CSF AUTOMATED CONTROL is an assayed whole blood control designed to monitor values obtained using hematology instruments that measure CSF samples. Refer to the assay table for specific instrument models.
CSF AUTOMATED CONTROLS is an assayed control designed to monitor values obtained using hematology instruments that measure CSF samples. For in vitro Diagnostic Use Only

CSF AUTOMATED CONTROL is an in vitro diagnostic reagent composed of human erythrocytes and bovine leukocytes suspended in a cerebrospinal like fluid with preservatives. It is an assayed whole blood control designed to monitor values obtained using hematology instruments that measure CSF (cerebral spinal fluid) samples. It is sampled in the same manner as a patient specimen.

The provided text describes a medical device, the "CSF AUTOMATED CONTROL," which is an in vitro diagnostic reagent used as a hematology control. The document focuses on demonstrating its substantial equivalence to a predicate device.

Here's an analysis based on your requested information:

1. Table of Acceptance Criteria and Reported Device Performance

2. Sample Size Used for the Test Set and Data Provenance

The document states, "Laboratory testing of 3 validation lots has shown the CSF AUTOMATED CONTROL to have substantial equivalence..." However, it does not specify the sample size within these lots (i.e., how many individual control samples were tested, or how many measurements were taken from each lot).

The data provenance is presented as "laboratory testing," implying it was conducted under controlled conditions, likely by the manufacturer R&D Systems, Inc. There is no information provided regarding the country of origin of the data, nor whether it was retrospective or prospective. Given the nature of a control reagent, it would typically involve prospective testing in a lab setting.

3. Number of Experts Used to Establish Ground Truth and Qualifications

This information is not applicable to this type of device and study. The CSF AUTOMATED CONTROL is a quality control reagent designed to monitor the performance of hematology instruments. Its "ground truth" is its own established assay range and its consistency, not a diagnostic interpretation that would require expert consensus.

4. Adjudication Method for the Test Set

This information is not applicable for the reasons stated above. Adjudication methods are relevant for studies where human interpretation or diagnosis is being evaluated.
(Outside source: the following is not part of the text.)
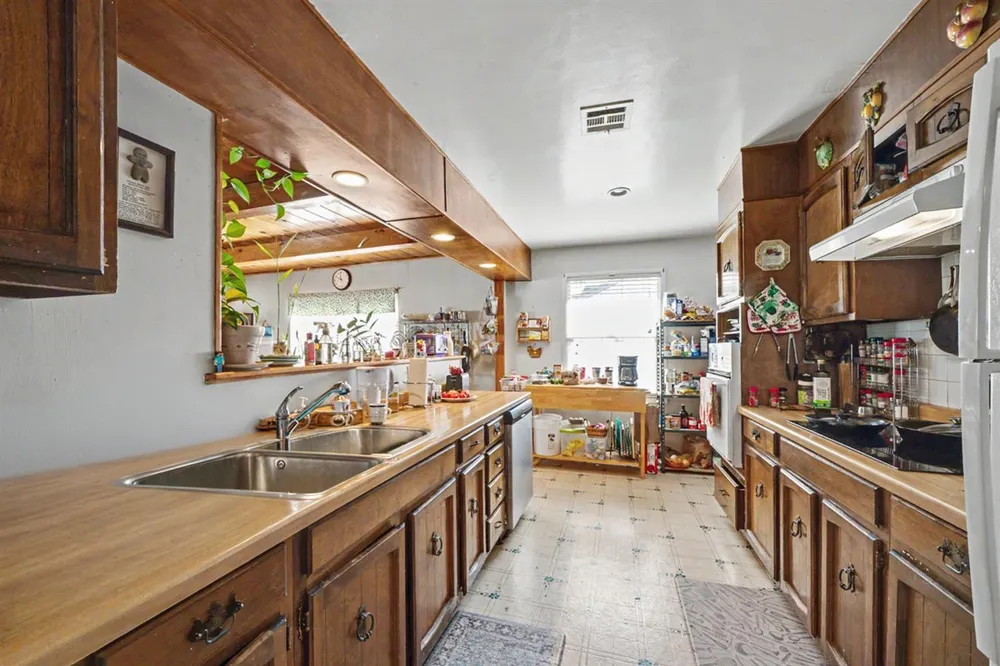 3253 Michigan Stockton, CA 95204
5. Multi-Reader Multi-Case (MRMC) Comparative Effectiveness Study

A MRMC study was not conducted and is not applicable here. This device is a quality control reagent, not an AI-assisted diagnostic tool for human readers.

6. Standalone (Algorithm Only Without Human-in-the-Loop Performance) Study

This concept is not applicable in the context of this device. The CSF AUTOMATED CONTROL is a physical reagent. Its "performance" is its ability to consistently produce results within a defined range when run on an instrument, not an algorithm's output. The study described focuses on the intrinsic properties of the reagent (performance, precision, stability) relative to a predicate.

7. Type of Ground Truth Used

The "ground truth" for this device is its established assay range and its inherent stability, precision, and performance characteristics. This is determined through internal laboratory testing and characterization of the control material itself, rather than expert consensus, pathology, or outcomes data, which are relevant for diagnostic devices.

8. Sample Size for the Training Set

The concept of a "training set" is not applicable to this physical control reagent. Training sets are used for machine learning algorithms. The study involved "3 validation lots," which served as the test material, not a training set.

9. How the Ground Truth for the Training Set Was Established

Since there is no training set in the context of this device, this question is not applicable. The "ground truth" for the behavior of the control (its assay range) would have been established through extensive characterization by the manufacturer during its development and manufacturing process, independent of this specific substantial equivalence study.